Although the ship's mystery is central to the story, the novel focuses even more on the deeper mystery of death. Long before Benjamin and Sarah Gibbs disappeared from the Mary Celeste, their families had lost loved ones to the sea. Young Sarah writes in her journal, "My sister has dreams she thinks are visions. In the dead of night she sees our cousin Maria wandering and wailing outside her bedroom window. Her hair and skirts are dripping seawater, and she cries out, 'Help me, help me.'" Nineteenth-century Americans were fascinated by mediums who brought - or claimed to bring - messages from the dead to their grieving family members. Above all, the novel is about Sarah's sister Hannah. Does she really see and speak with the dead, or did the loss of her mother when she was a small child leave her with a fragile hold on reality?
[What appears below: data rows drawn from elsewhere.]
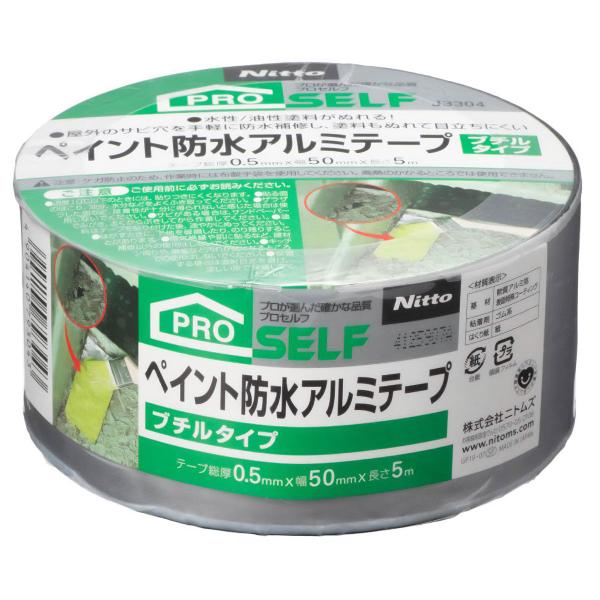 テープ プロセルフ ペイント防水アルミテープ ブチルタイプ 厚さ0.5mm×幅50mm×長さ5ｍ J3304 ニトムズ 防水テープ アルミテープ 粘着テープ ブチルテープ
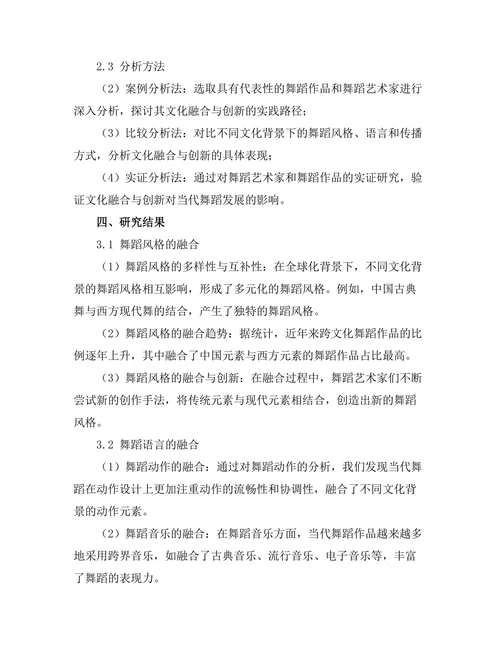 当代舞蹈的文化融合与创新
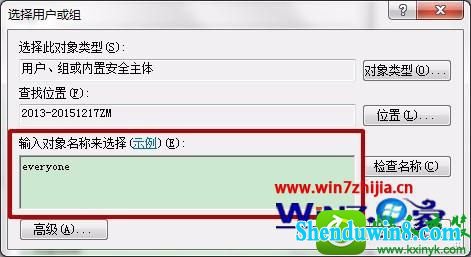 win10ϵͳlolʾfailed to create dump file error183Ľ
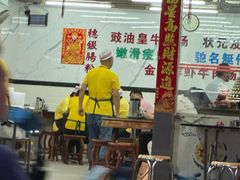 -穗银肠粉店(东川路店)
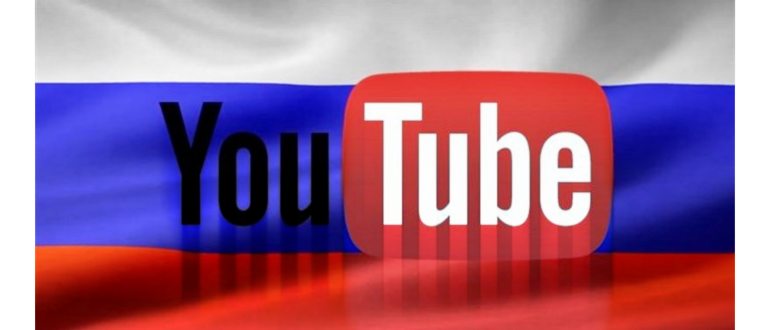 как поменять язык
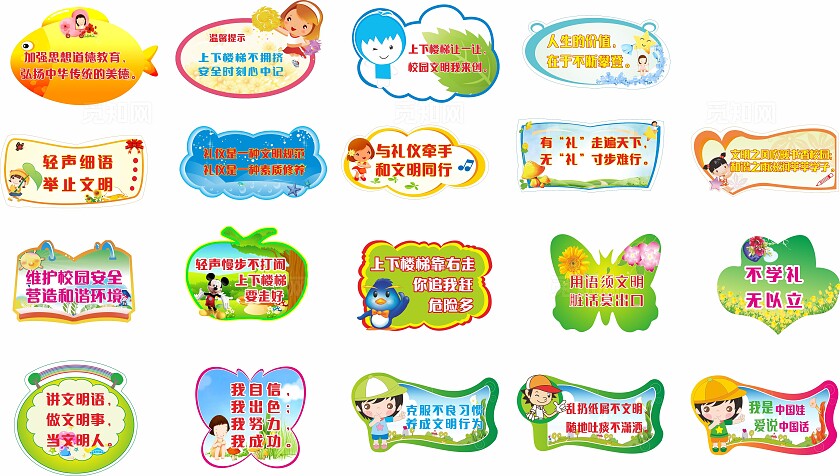 学校思想道德教育宣传标语温馨提示非转曲常规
Another layer of the novel explores the idea of fiction, another "medium" which brings dead - or imagined - people to life. Before succeeding with his Sherlock Holmes stories, Arthur Conan Doyle wrote a short story inspired by the mystery of the Mary Celeste. He changed the names of ship and crew and concocted a feverishly violent explanation for the ship's abandonment. Was he wrong to spin fiction out of a real family's tragedy? Although The Ghost of the Mary Celeste suggests he was, the novel is itself an absorbing and atmospheric story spun out of the tragedy of the Mary Celeste. Lovers of ghost stories will find it captivating. (2014; 302 pages)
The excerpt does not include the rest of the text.